You can find lots of info on native fish at this web site:
http://forum.nanfa.org/index.php?showforum=2

There are some dealers that will ship and I've seen them for sale on aquabid.


----------



## earth intruder (Oct 14, 2008)

Wow, he's gorgeous! Is it true that they can turn their heads?


----------



## demonsoni (Feb 10, 2006)

I had a darter tank. I had rainbows, greensides, johnny's, blacksides, orangethroated, and sand dartrs. Yes they are awesome. They love the current as they live in the riffles and runs of streams. I got mine from an electrofishing unit, but you can catch them with a seine.


----------



## NativeKeeper (Oct 29, 2008)

Dont know about Darters in California, but you can get all you want from Brian at 
BT Darters

They are very cool, hop around and perch on objects, do turn their heads, and act like little humming birds.

Very cool little fish.


----------



## cjacob316 (Dec 4, 2008)

cold water right?


----------



## NativeKeeper (Oct 29, 2008)

no heater is required under normal circumstances


----------



## kmuda (Nov 27, 2009)

I'm somewhat confused as to why more of us do not keep natives. We have some pretty amazing fish available in our local water ways.

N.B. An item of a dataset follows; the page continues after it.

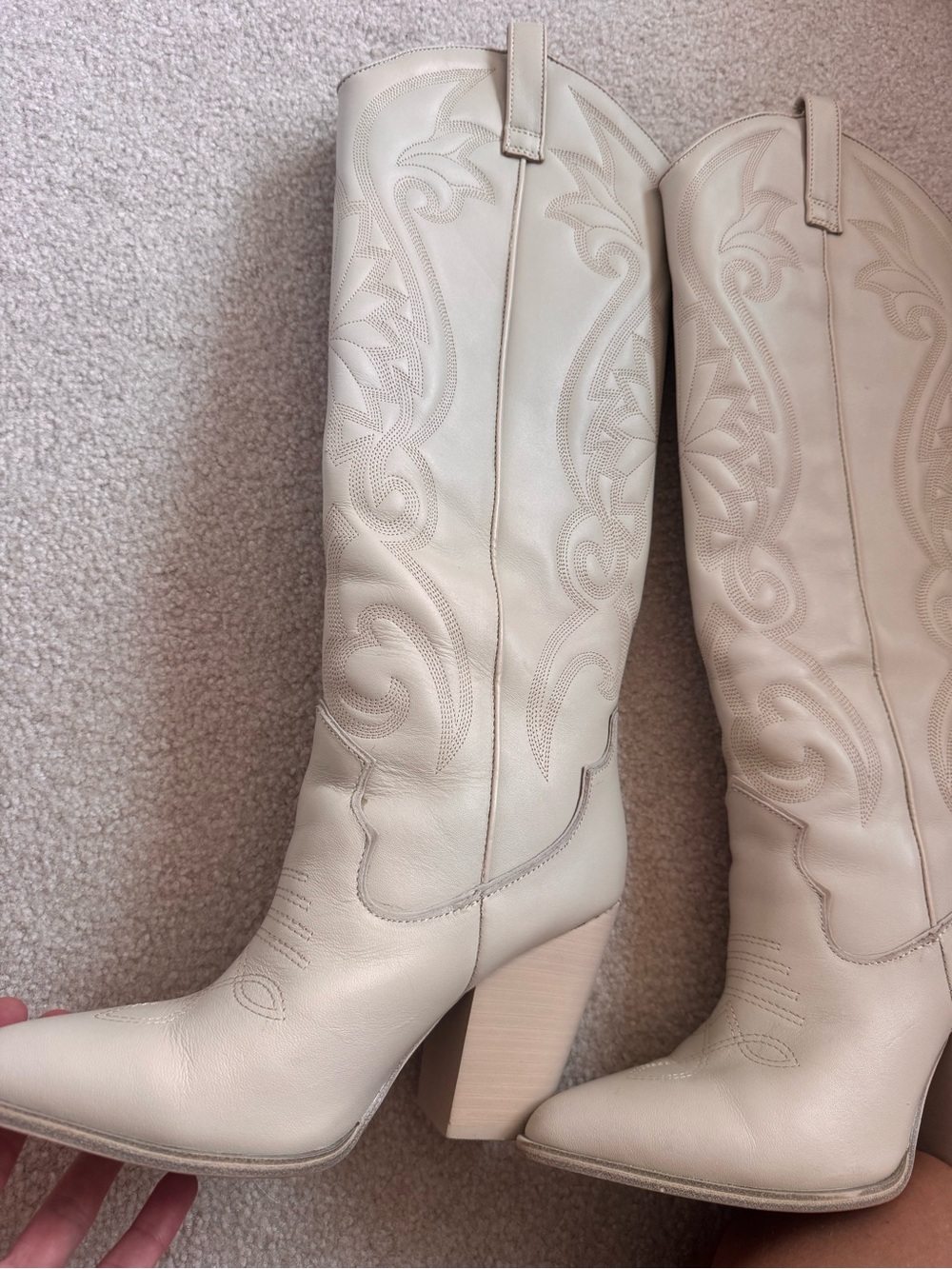 Steve Madden  Cream Embroidered Western Knee-High Boots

Brindled madtom (_Noturus miurus_) 









Cardinal shiner (_Luxilus cardinalis__









Bluehead Shiner (_Pteronotropis hubbsi_) 









Northern Studfish (_Fundulus catenatus_)









Dollar Sunfish (_Lepomis marginatus_)









Southern Redbelly Dace (_P. erythrogaster _)


----------



## cjacob316 (Dec 4, 2008)

well the sunfish get pretty large, i like small mouth bass as well, those would be neat to have

i don't even know where to get some of those fish, i would love a cold water tank


----------



## cjacob316 (Dec 4, 2008)




----------



## NativeKeeper (Oct 29, 2008)

you can catch them yourselves in your local waters, not all species are available in your location, but you can buy them from breeders, zimmermans fish, sachs aquaculture, BT Darters, Jonahs Aquarium, etc.


----------